## WHAT IS NEEDED
Everything in the entries except the pictures should be repeated exactly.

----

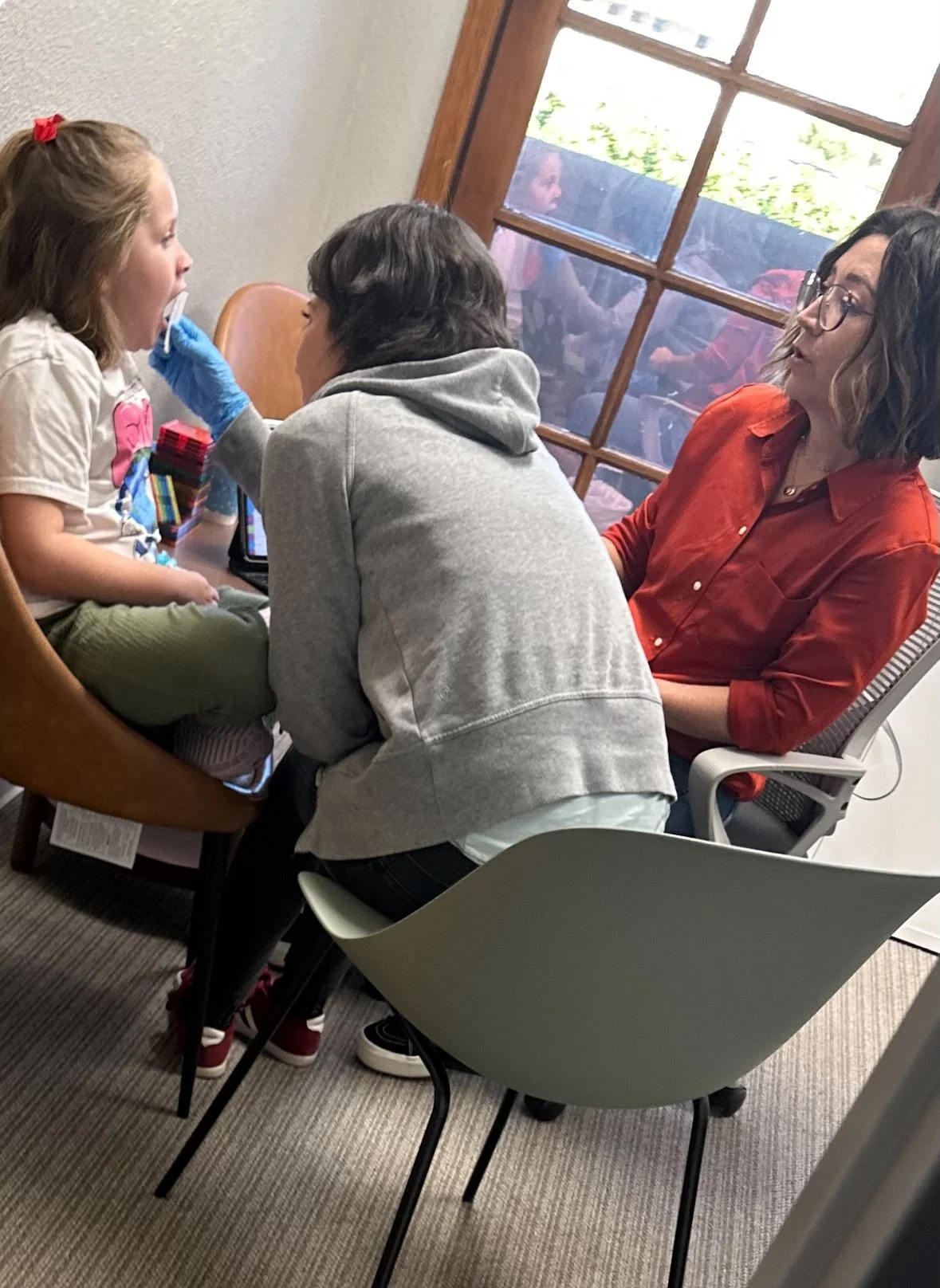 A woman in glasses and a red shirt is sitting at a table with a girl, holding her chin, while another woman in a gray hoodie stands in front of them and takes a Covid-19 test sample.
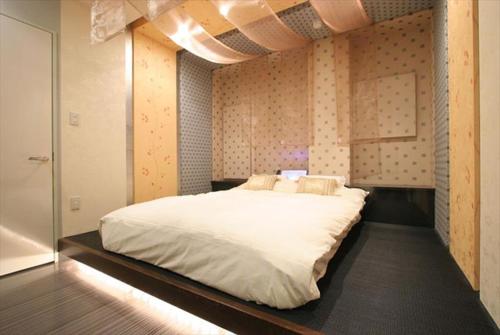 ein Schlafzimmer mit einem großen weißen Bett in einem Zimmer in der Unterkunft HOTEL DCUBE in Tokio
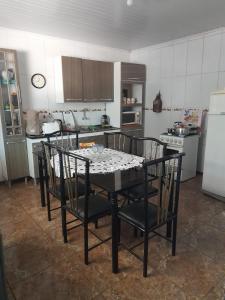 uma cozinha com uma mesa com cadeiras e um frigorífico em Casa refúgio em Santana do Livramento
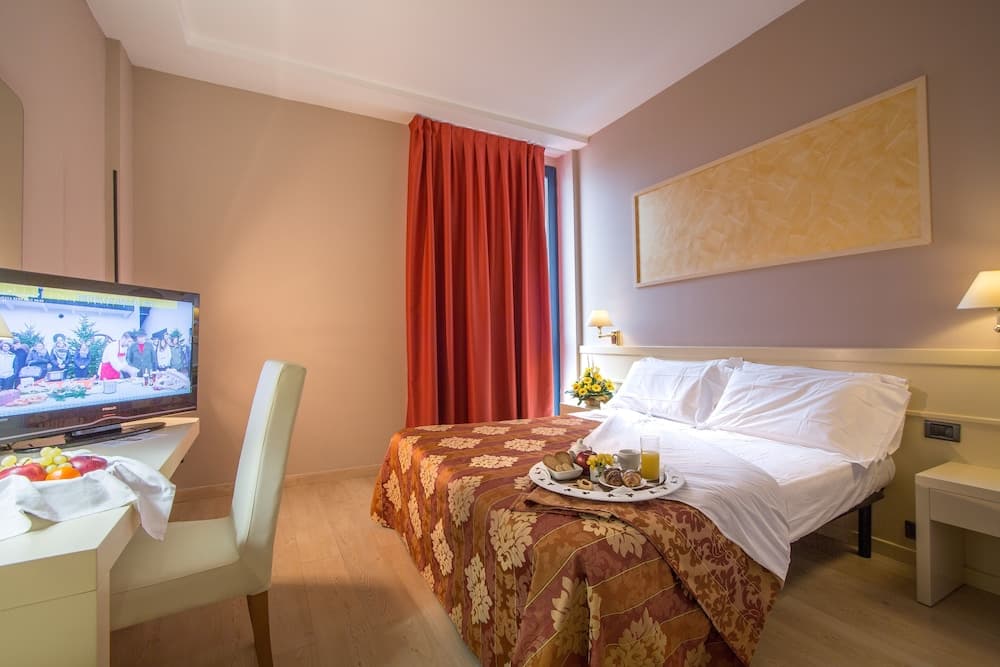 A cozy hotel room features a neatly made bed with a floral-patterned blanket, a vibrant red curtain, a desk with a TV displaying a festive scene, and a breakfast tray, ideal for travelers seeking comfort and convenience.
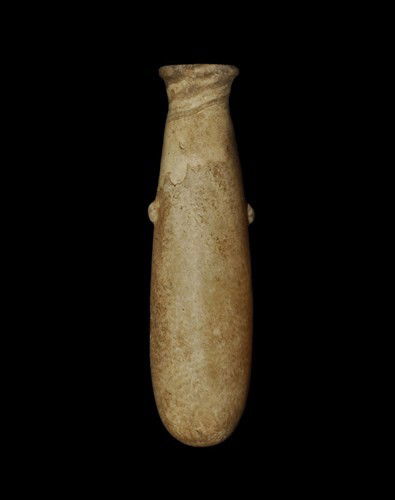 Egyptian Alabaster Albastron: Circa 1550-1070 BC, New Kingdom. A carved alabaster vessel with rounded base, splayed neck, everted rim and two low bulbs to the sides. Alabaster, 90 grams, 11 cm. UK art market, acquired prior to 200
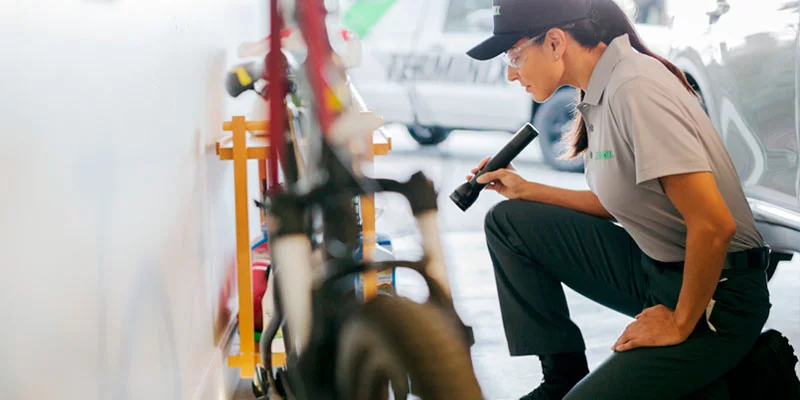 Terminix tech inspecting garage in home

----

## ANSWER SECTION
 A woman in glasses and a red shirt is sitting at a table with a girl, holding her chin, while another woman in a gray hoodie stands in front of them and takes a Covid-19 test sample.
 ein Schlafzimmer mit einem großen weißen Bett in einem Zimmer in der Unterkunft HOTEL DCUBE in Tokio
 uma cozinha com uma mesa com cadeiras e um frigorífico em Casa refúgio em Santana do Livramento
 A cozy hotel room features a neatly made bed with a floral-patterned blanket, a vibrant red curtain, a desk with a TV displaying a festive scene, and a breakfast tray, ideal for travelers seeking comfort and convenience.
 Egyptian Alabaster Albastron: Circa 1550-1070 BC, New Kingdom. A carved alabaster vessel with rounded base, splayed neck, everted rim and two low bulbs to the sides. Alabaster, 90 grams, 11 cm. UK art market, acquired prior to 200
 Terminix tech inspecting garage in home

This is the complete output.